_The task_
Below are some entries. Transcribe the lines from the one holding "MAQUINA DE HOTDOGS" to the one holding "Framed Oarsmen At Chateau Print", inclusive, but not the pictures among them.

_Supplied information_
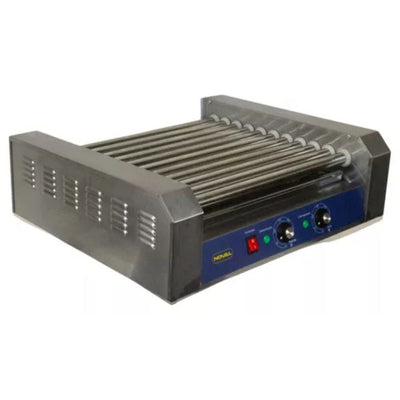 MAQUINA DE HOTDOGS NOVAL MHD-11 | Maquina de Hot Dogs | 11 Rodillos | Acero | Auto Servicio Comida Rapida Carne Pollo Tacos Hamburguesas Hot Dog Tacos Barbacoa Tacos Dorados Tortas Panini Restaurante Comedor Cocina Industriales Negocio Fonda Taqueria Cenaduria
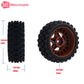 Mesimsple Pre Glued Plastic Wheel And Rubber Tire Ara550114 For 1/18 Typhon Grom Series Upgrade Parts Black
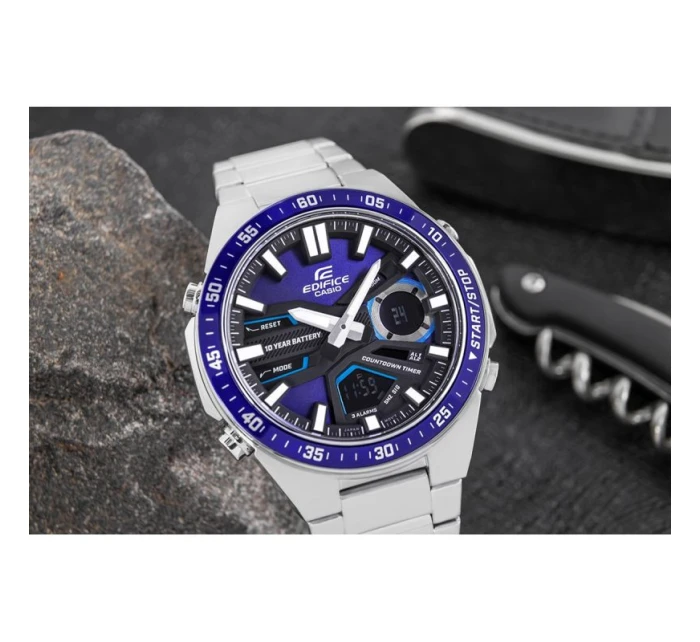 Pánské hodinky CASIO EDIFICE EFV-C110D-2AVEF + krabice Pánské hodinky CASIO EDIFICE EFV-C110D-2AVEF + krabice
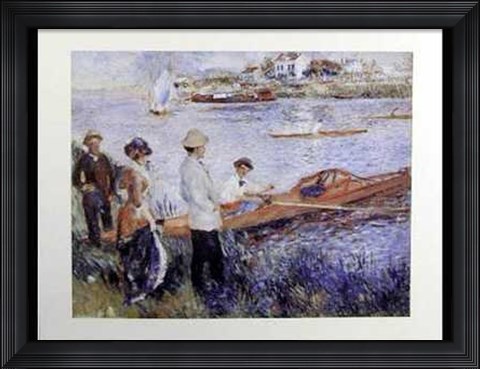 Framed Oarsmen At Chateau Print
* * *
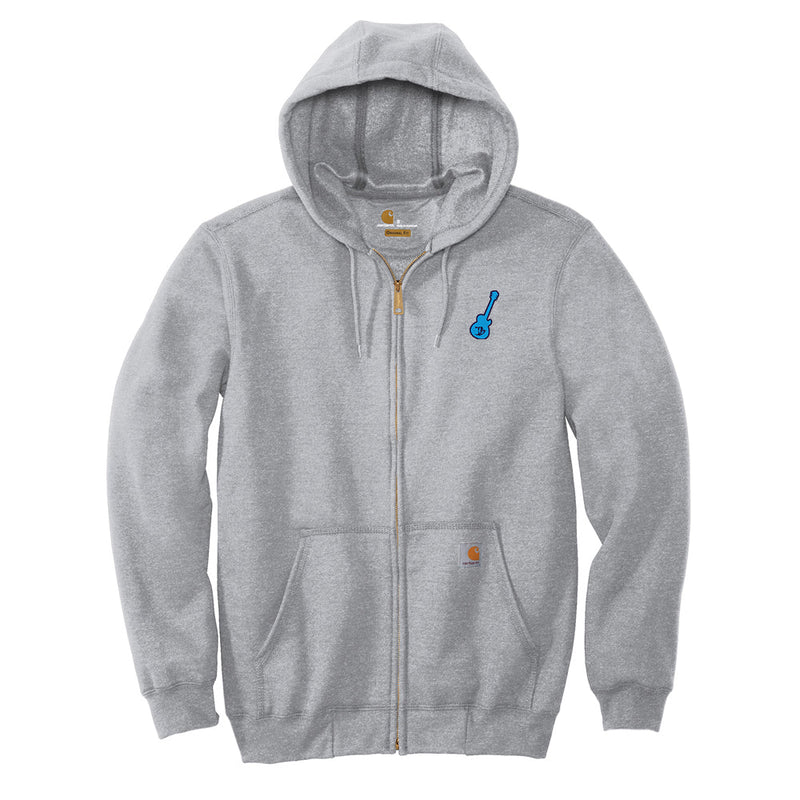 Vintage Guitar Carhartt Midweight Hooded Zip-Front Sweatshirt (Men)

_Result_
 MAQUINA DE HOTDOGS NOVAL MHD-11 | Maquina de Hot Dogs | 11 Rodillos | Acero | Auto Servicio Comida Rapida Carne Pollo Tacos Hamburguesas Hot Dog Tacos Barbacoa Tacos Dorados Tortas Panini Restaurante Comedor Cocina Industriales Negocio Fonda Taqueria Cenaduria
 Mesimsple Pre Glued Plastic Wheel And Rubber Tire Ara550114 For 1/18 Typhon Grom Series Upgrade Parts Black
 Pánské hodinky CASIO EDIFICE EFV-C110D-2AVEF + krabice Pánské hodinky CASIO EDIFICE EFV-C110D-2AVEF + krabice
 Framed Oarsmen At Chateau Print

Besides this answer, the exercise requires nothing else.